Instructions to follow –
Throughout the listing below, copy each line containing "coming".

Provided entries –
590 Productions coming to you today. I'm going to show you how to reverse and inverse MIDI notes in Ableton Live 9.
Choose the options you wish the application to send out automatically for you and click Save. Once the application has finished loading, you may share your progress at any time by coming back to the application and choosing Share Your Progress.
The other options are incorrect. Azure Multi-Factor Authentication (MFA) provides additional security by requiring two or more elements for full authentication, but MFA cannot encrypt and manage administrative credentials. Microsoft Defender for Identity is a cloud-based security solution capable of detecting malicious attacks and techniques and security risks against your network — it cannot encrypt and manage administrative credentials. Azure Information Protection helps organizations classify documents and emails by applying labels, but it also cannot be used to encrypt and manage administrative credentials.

...

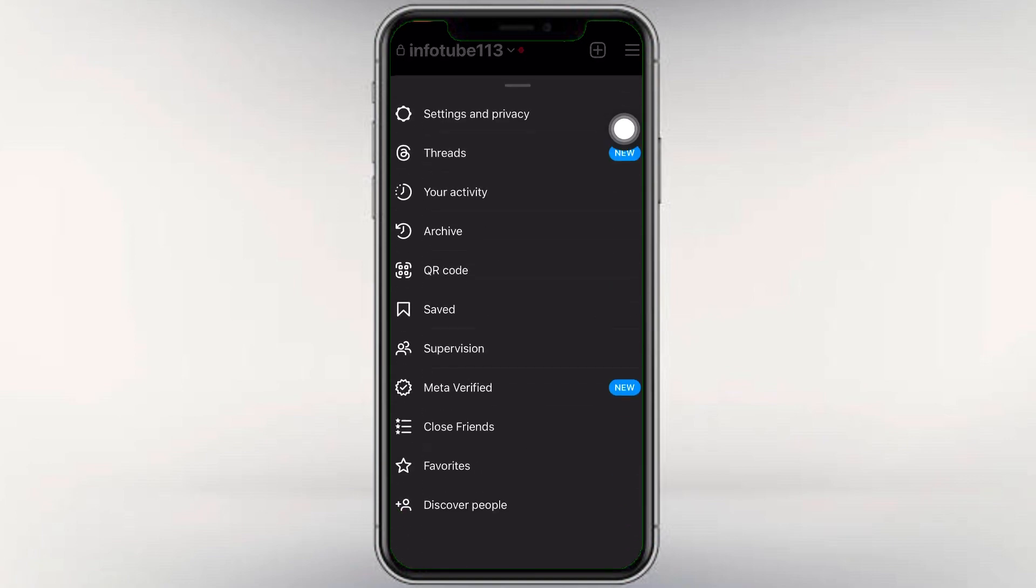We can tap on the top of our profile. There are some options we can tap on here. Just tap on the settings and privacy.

Worked solution –
590 Productions coming to you today. I'm going to show you how to reverse and inverse MIDI notes in Ableton Live 9.
Choose the options you wish the application to send out automatically for you and click Save. Once the application has finished loading, you may share your progress at any time by coming back to the application and choosing Share Your Progress.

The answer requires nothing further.